Major Drywall Price Increase Coming
When materials and labor make up the bulk of your construction costs, and you receive a letter from your manufacturers and suppliers explaining that a major increase is on the way, you are likely to take a deep breath before you decide what to do about it. (You should probably take a deep one now before reading the rest of this story)
After you read the letter and the anger fades, questions emerge. Are they serious? Will it stick? Are all of the suppliers following suit? Then you have to look at what you will do, and you will ask more questions including: will you pass 100% of the costs to your clients and customers, will you pass on part of it to them, or will you decide that it is wise to absorb all of those costs? You will also likely look at a number of factors like whether the changes apply to everyone in the industry or just one segment like residential or commercial.
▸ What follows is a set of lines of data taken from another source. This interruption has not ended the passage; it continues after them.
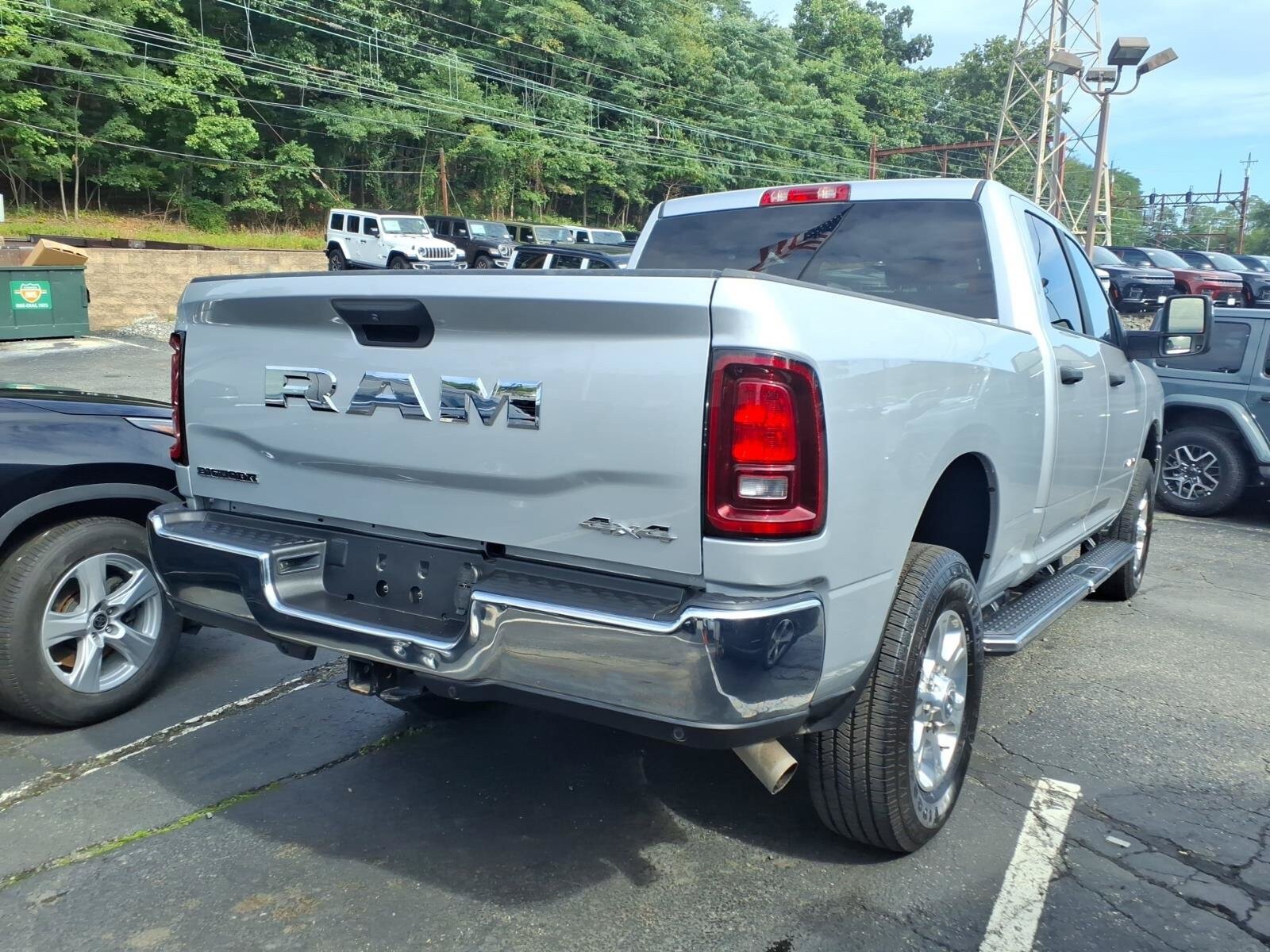 Certified 2026 RAM 2500 Big Horn AWD/4WD image 5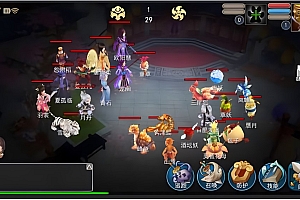 3DMMORPG回合手游【仙剑奇侠传3D】全套源码+开发文档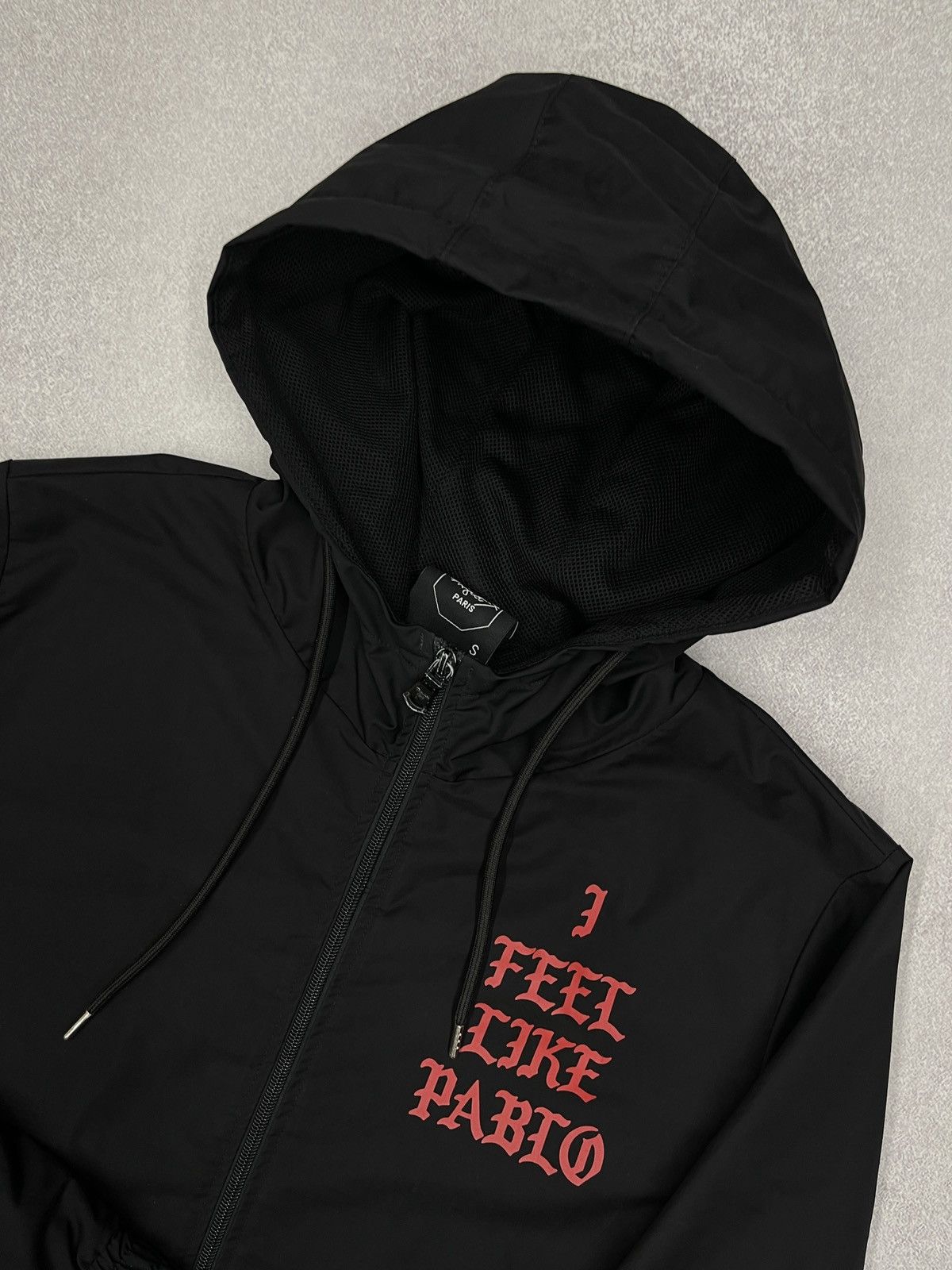 Kanye West I Feel Like Pablo Project Jacket Black Big Logo Kanye West Size US S / EU 44-46 / 1 - 7 Thumbnail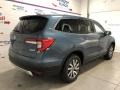 2021 Steel Sapphire Metallic Honda Pilot EX-L AWD  photo #3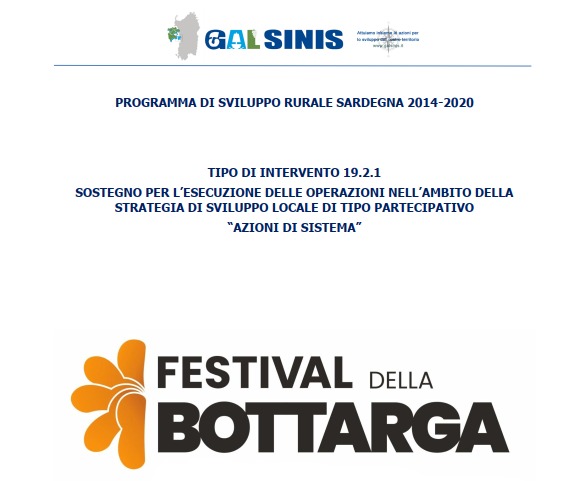 Festival della Bottarga 2023. 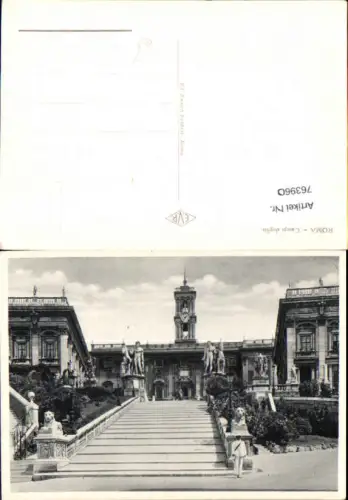 763960 Roma Campidoglio Rom Italy
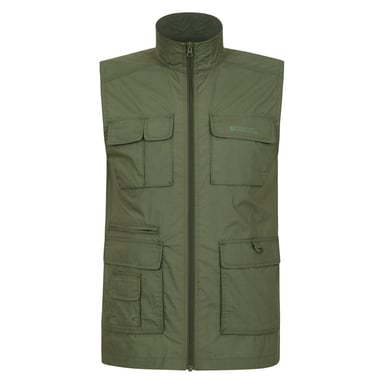Mountain Warehouse Mens Trek II Gilet (Green)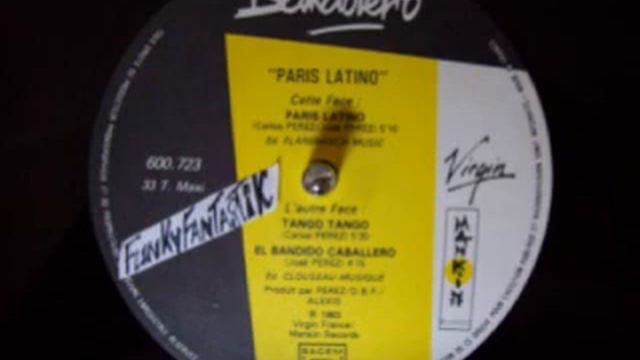 BANDOLERO - Paris Latino 1983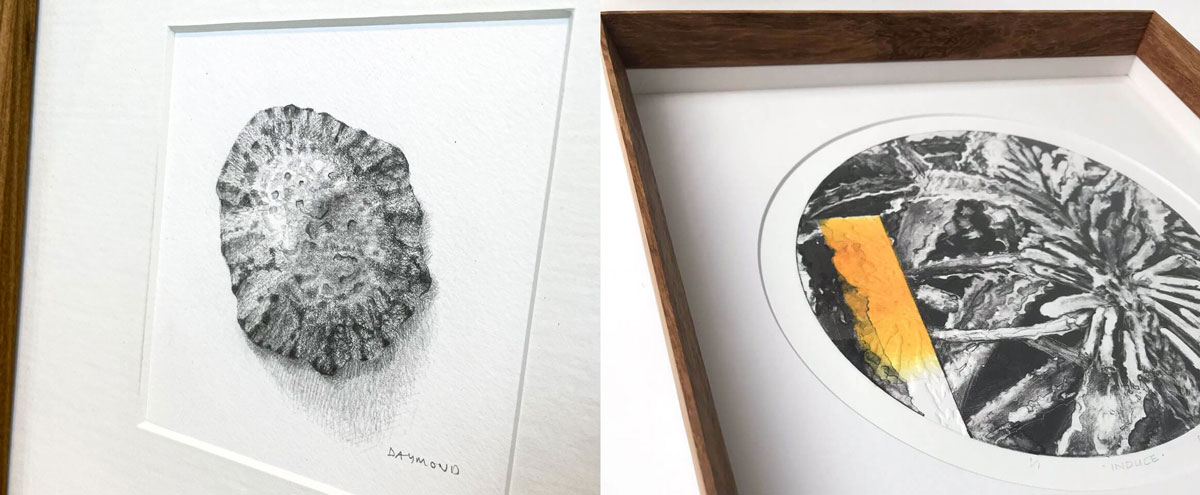 Framing Art on paper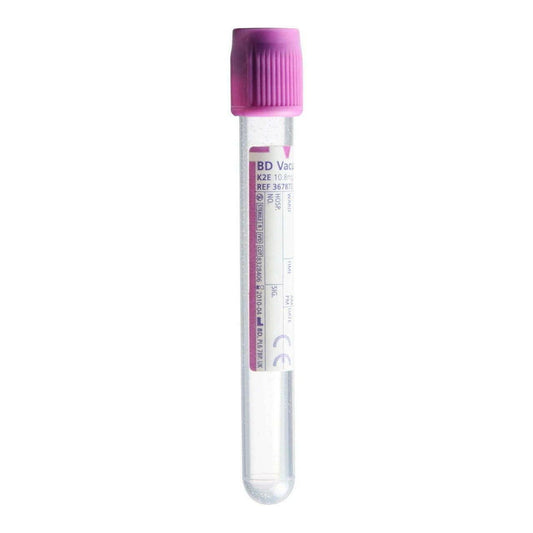 BD Vacutainer 6ml EDTA zkumavky pro odběr krve Purple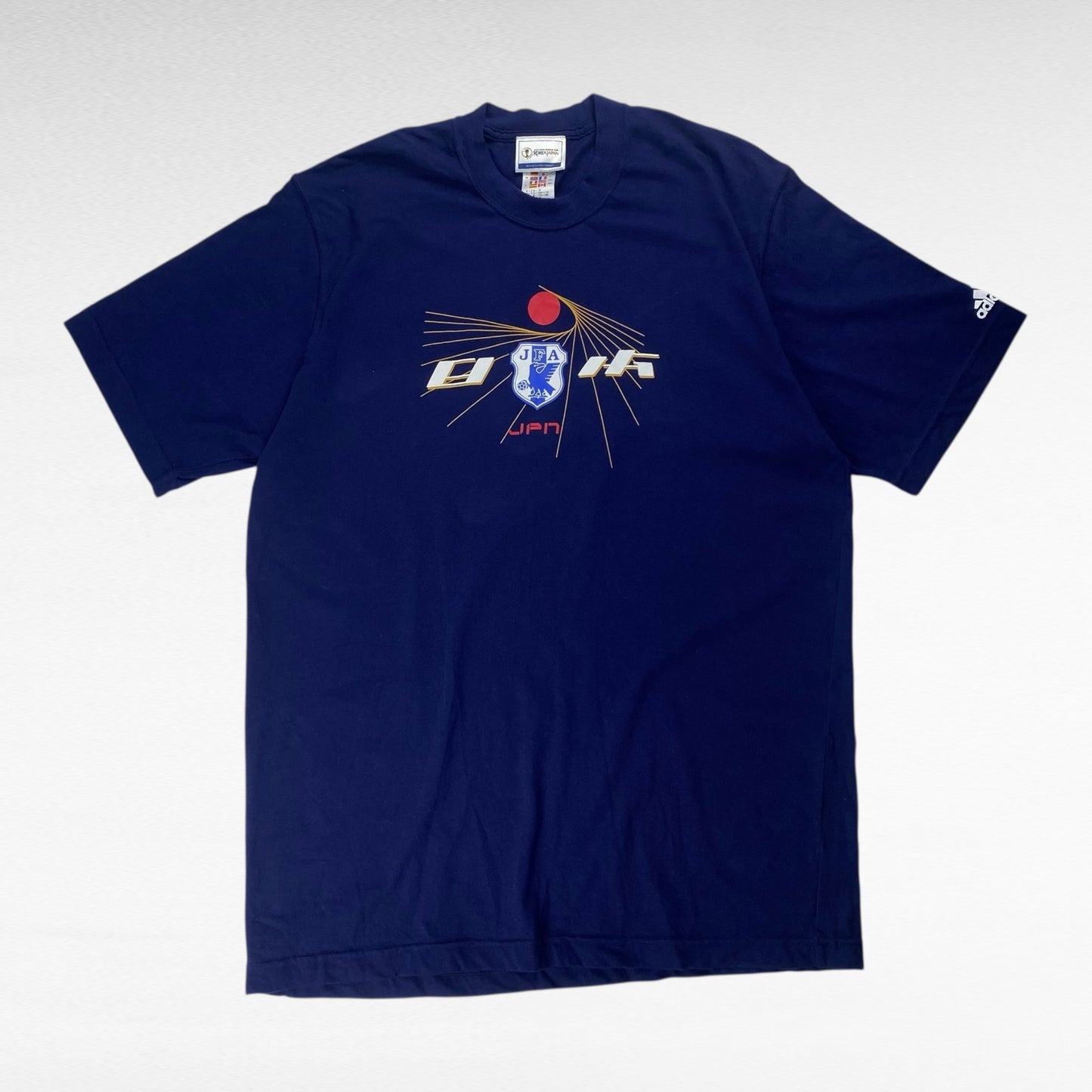 Adidas 00s Short Sleeve T-Shirt Blue Size M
That is the situation facing the drywall subcontractors in the US right now. The manufacturers have sent out letters explaining the fact that they will institute a 25% to 30% price increase across the board effective January 2, 2013 and that the new price will be in effect for all of 2013.
Talk about the other shoe dropping. This increase comes on top of a 30% increase last year. No small issue for the residential drywall subcontracting industry, where materials comprise 45% of their cost.
The recession shut down the residential construction industry for the last two years while the banks foreclosed, the market slowed and jobs were peeled away like the layers of an onion. The drywall manufacturers reacted to the slow down by laying off production workers and closing down plants.
The economy and the housing industry are now showing signs that they are in the early stages of the turnaround. While that improvement bodes well for the industry, the reduced capacity and supplies have led to a major price increase that has ripple effects throughout the construction industry. The time to alert your customers is now.
What are you doing to address this price increase?